Member of the Provincial Assembly of Khyber Pakhtunkhwa
- In office 29 May 2013 – 29 May 2018
- Constituency: Constituency PK-96 (Lower Dir-III)

Personal details
- Party: JIP (2025-present)
- Other political affiliations: JIP (2013-2025)

= Saeed Gul =

Pakistani politician

Saeed Gul is a Pakistani politician who had been a Member of the Provincial Assembly of Khyber Pakhtunkhwa, from May 2013 to May 2018. Previously he had been a member of the Provincial Assembly of the Provincial Assembly of Khyber Pakhtunkhwa from 2002 to 2007.

==Education==
He has a Master of Arts degree.

==Political career==
He was elected to the Provincial Assembly of the North-West Frontier Province as a candidate of Muttahida Majlis-e-Amal from Constituency PF-96 (Lower Dir-III) in the 2002 Pakistani general election.

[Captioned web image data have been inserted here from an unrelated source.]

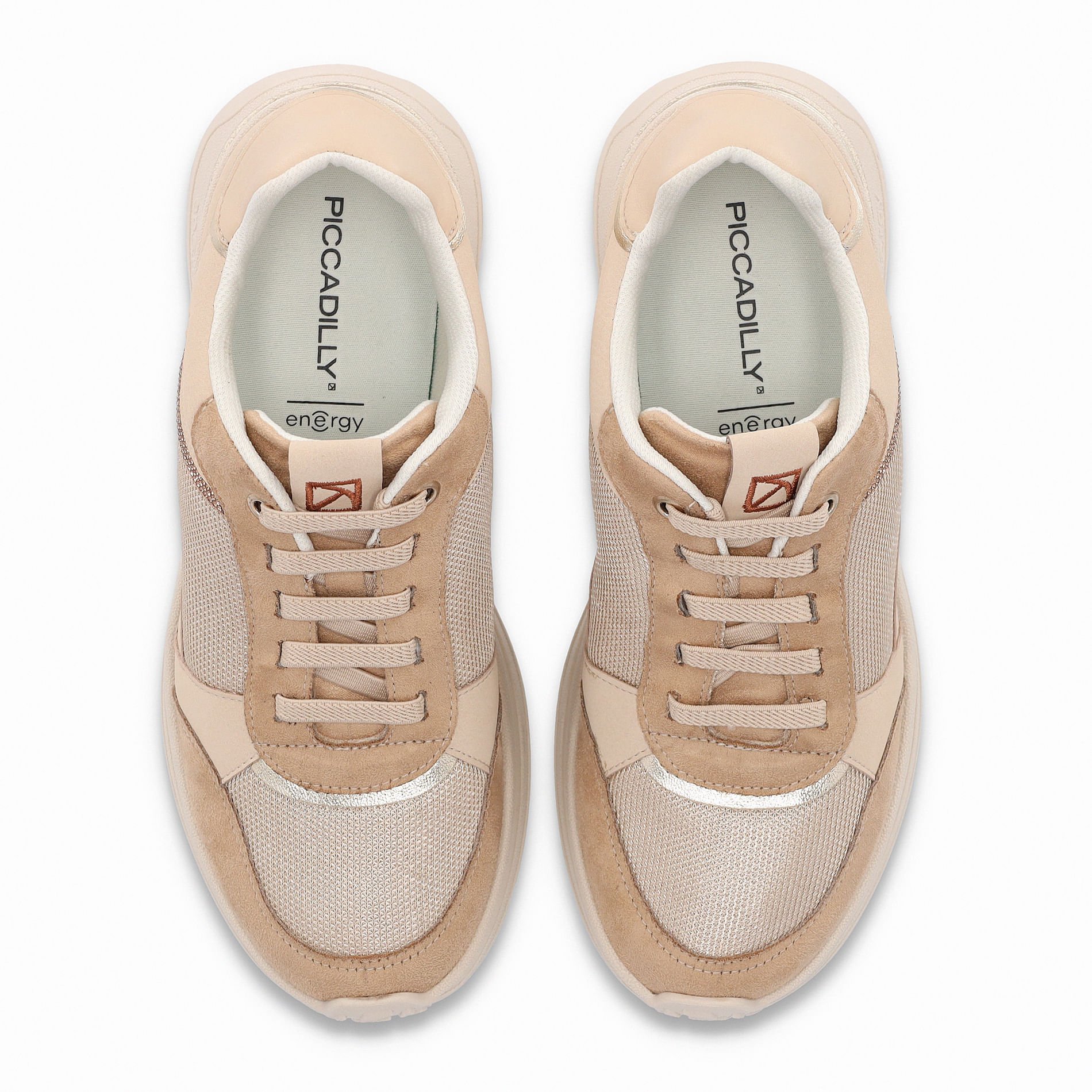 Tênis Energy Anabela Médio Bege com Brule Bege 5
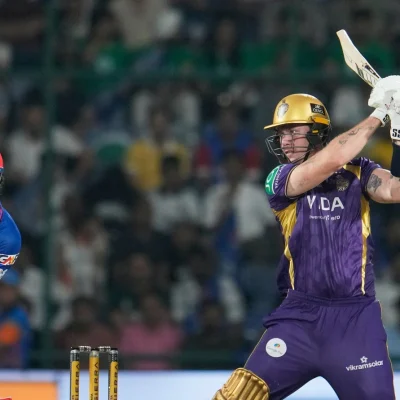 Kolkata Knight Riders batter Finn Allen celebrates his century against Delhi Capitals during IPL 2026 match highlights.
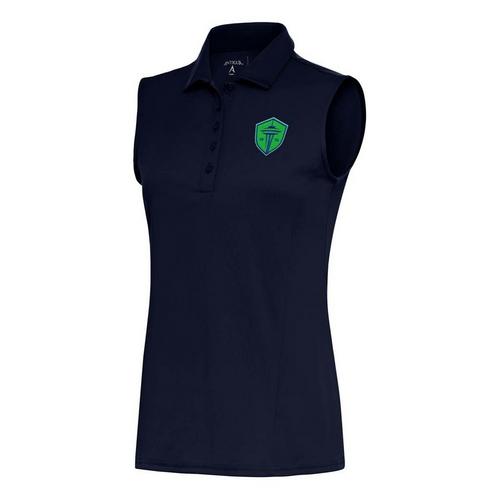 Antigua Women's MLS Seattle Sounders FC Chest Logo Sleeveless Tribute Polo - Primary Image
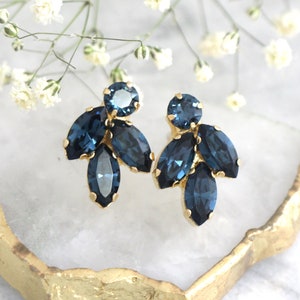 Blue Clip On Earrings, Bridal Blue navy Clip On Earrings, Dark Blue Crystal Bridal Clip On Earrings, Sapphire Dark Blue Crystal Earrings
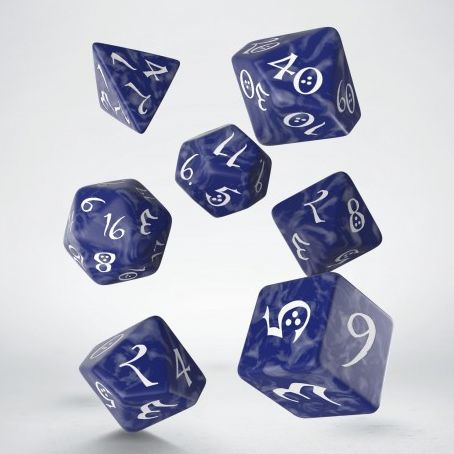 Classic RPG Cobalt & white Dice Set (7)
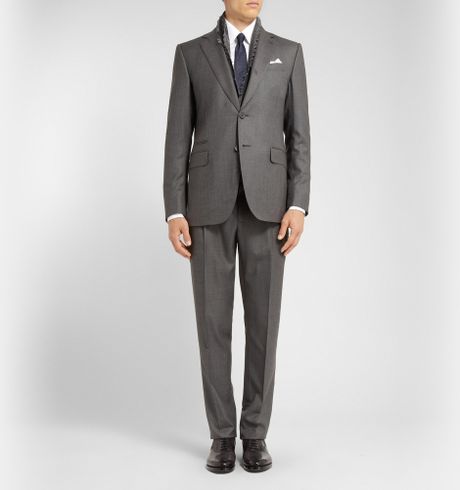Berluti Grey Tortona Slim-Fit Wool-Birdseye Suit in Gray for Men | Lyst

He received 10,326 votes and defeated a candidate of Pakistan Peoples Party (PPP).

He was re-elected to the Provincial Assembly of Khyber Pakhtunkhwa as a candidate of Jamaat-e-Islami Pakistan from Constituency PK-96 (Lower Dir-III) in the 2013 Pakistani general election. He received 14,193 votes and defeated a candidate of PPP.